Figure 1.

Biogenesis of circRNA. (A) Canonical splicing to form mRNA. (B) Lariat-driven circularization. First, a pre-mRNA is spliced, causing the 3'-hydroxyl of the upstream exon to covalently bind to the 5'-phosphate of the downstream exon. At the same time, the sequence between the exons becomes an RNA lariat, containing several exons and introns. Second, in the RNA lariat, the 2'-hydroxyl of the 5'-intron reacts with the 5'-phosphate of the 3'-intron, followed by the 3'-hydroxyl of the 3'-exon reacting with the 5'-phosphate of the 5'-exon. As a result, an RNA double lariat and a circular RNA are produced. Finally, some introns of the circular RNA are removed, producing an ecirRNA, EIciRNA, or ciRNA. (C) Intron pairing-driven circularization.

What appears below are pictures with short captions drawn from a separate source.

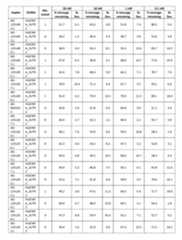 Figure imgf000386_0001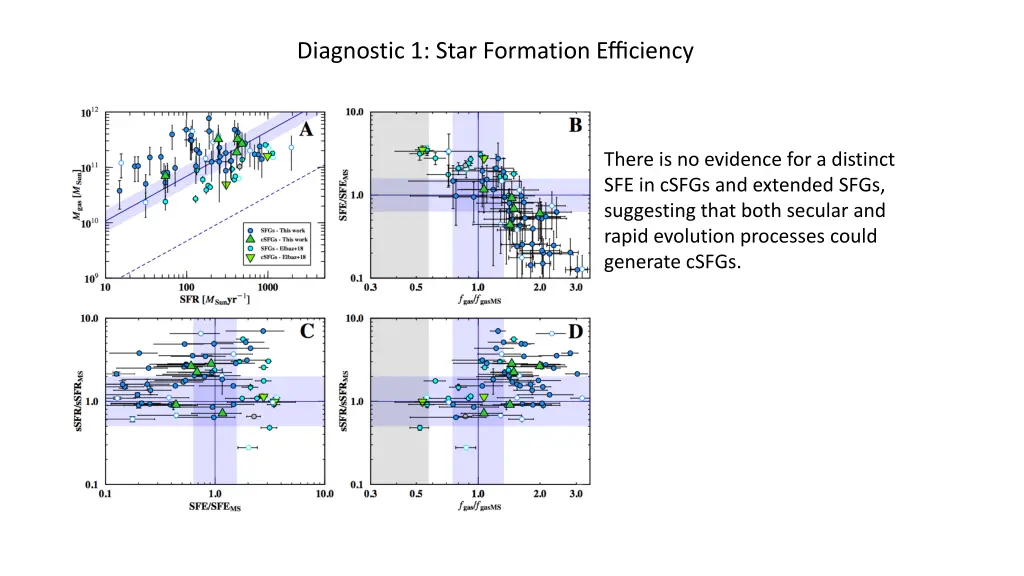 diagnostic 1 star formation efficiency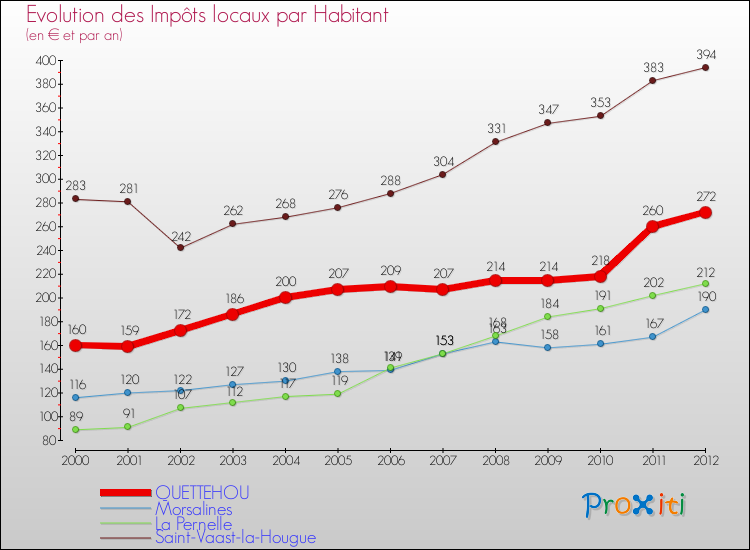 Evolution et montant des impôts locaux par Habitant pour QUETTEHOU et les communes proches Comparaison des impôts locaux par habitant pour QUETTEHOU et les communes voisines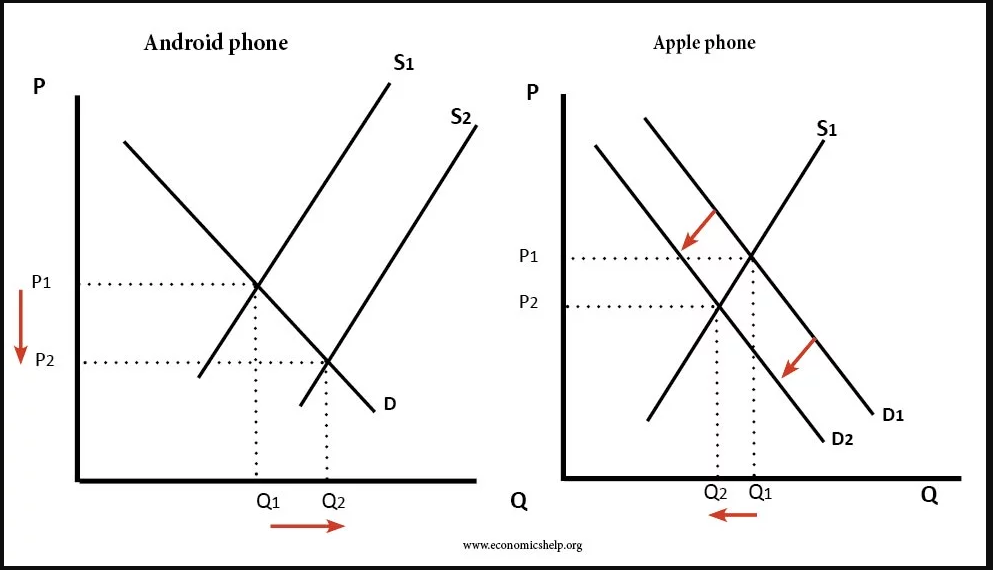 apple supply and demand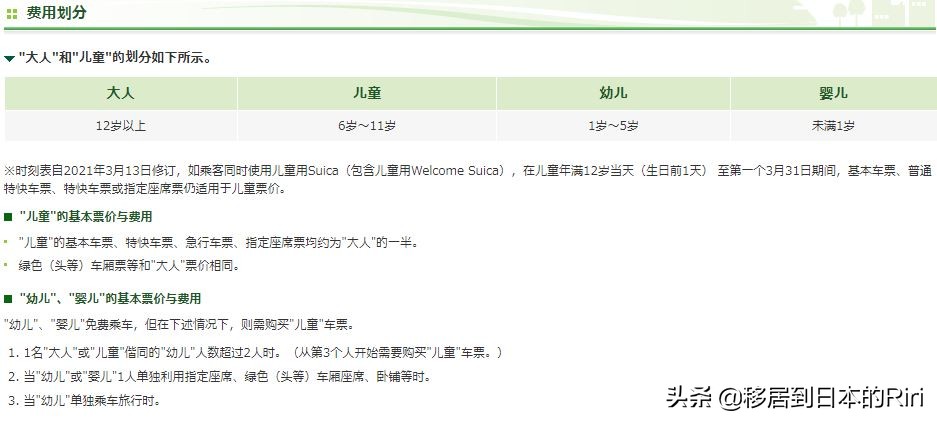 日本新干线搭乘攻略 Jr北海道篇 网络知识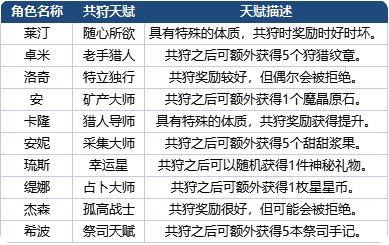房东养成记如何下载？官方下载途径及安装教程！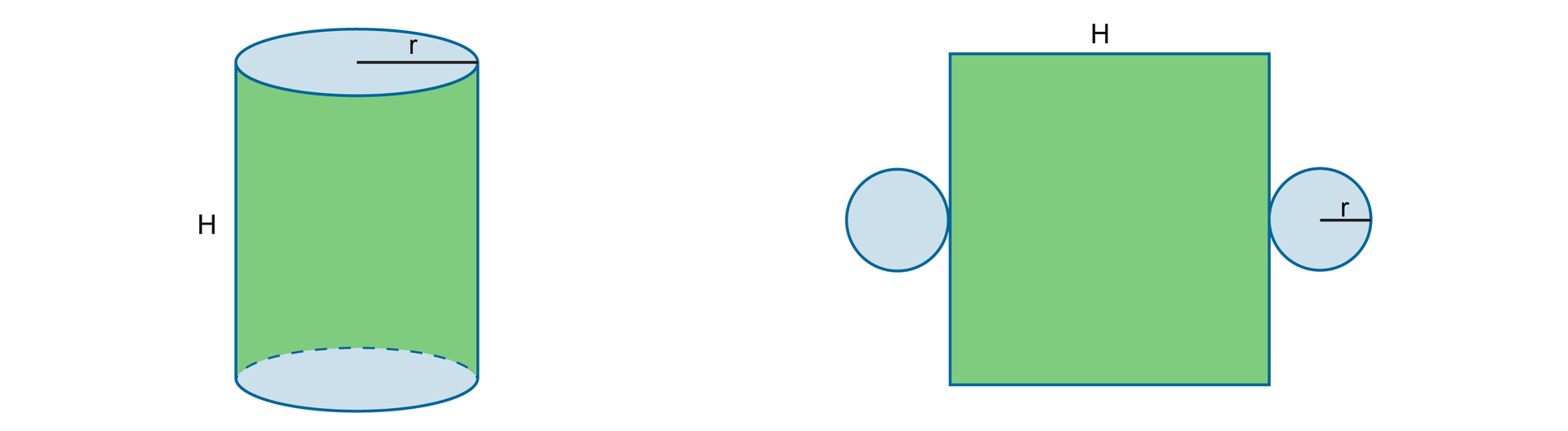 Ilustracja przedstawia dwa rysunki. Po lewej mamy walec o wysokości H i promieniu podstawy r. Po prawej mamy rozłożone pole powierzchni walca, czyli rozwinięte na płaszczyźnie pole boczne bryły, które jest prostokątem o poziomym boku równym H. Po obu stronach przy pionowych bokach prostokąta mamy dwa równe koła o promieniu r, które są podstawami bryły.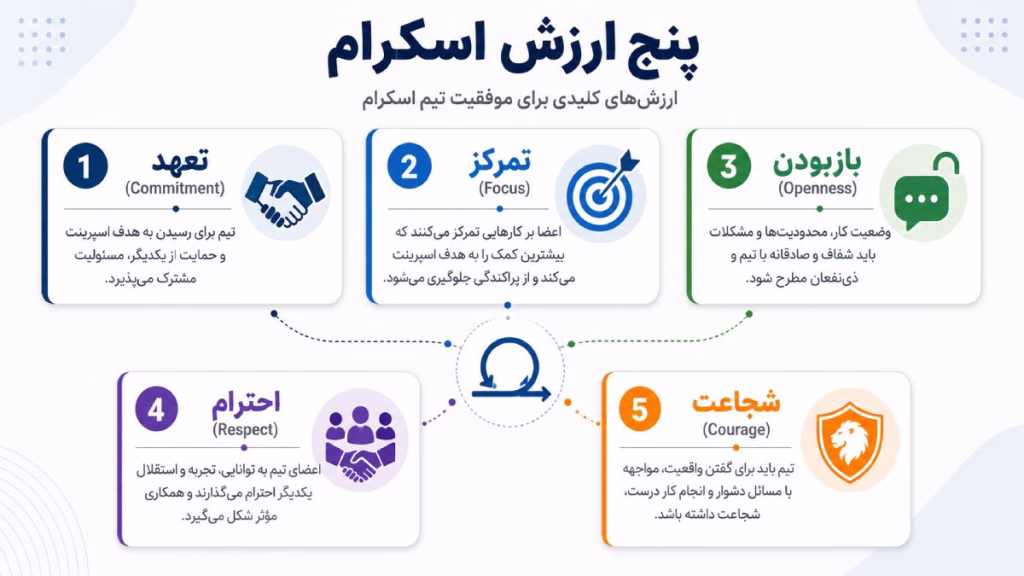 پنج ارزش اسکرام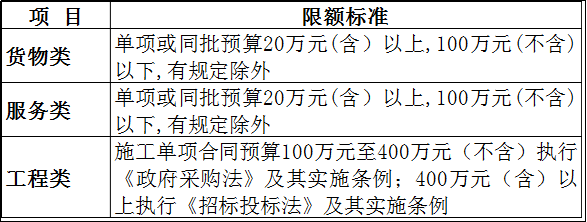 2020招投标新规资料下载-400万以下项目不用公开招标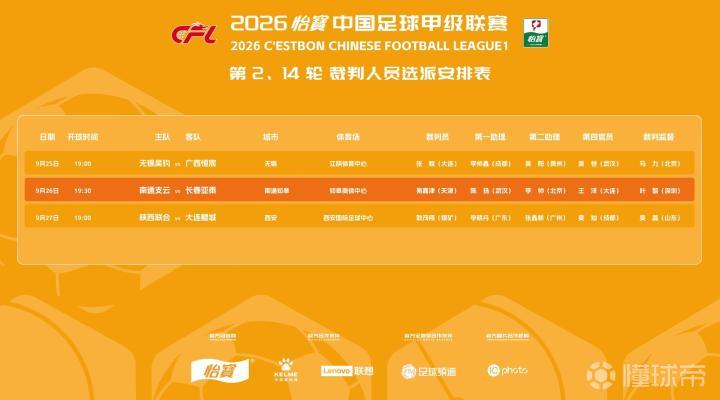 莫斯科罗迪纳B队VS新西伯利亚直播_莫斯科罗迪纳B队VS新西伯利亚赛程直播直播_俄乙A高清免费在线观看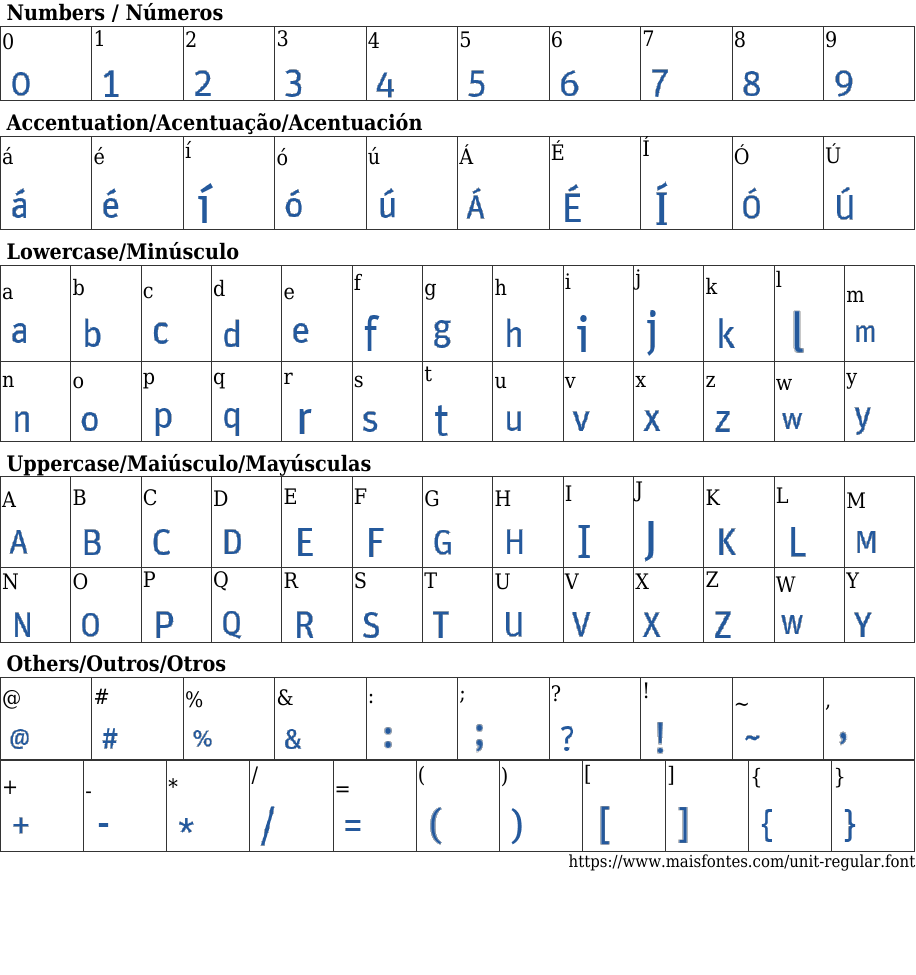 Unit Regular Download Free Font Maisfontes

The circular structure can be generated through direct base-pairing of the introns flanking inverted repeats or complementary sequences. The introns are removed or retained to form ecirRNA or EIciRNA. (D) RNA binding proteins (RBPs)-driven circularization. In this case, RBPs bind the upstream and downstream introns. The RBPs are attracted to each other, and form a bridge between the introns. The 2'-hydroxyl of the upstream intron then reacts with the 5'-phosphate of the downstream intron, which is followed by the 3'-hydroxyl of the 3'-exon reacting with the 5'-phosphate of the 5'-exon. Some introns of the circRNA are ultimately removed, producing an ecircRNA or EIcirRNA. CiRNAs, intronic circRNAs; ecirRNAs, exonic circRNAs; EIciRNAs, exon-intron circRNAs.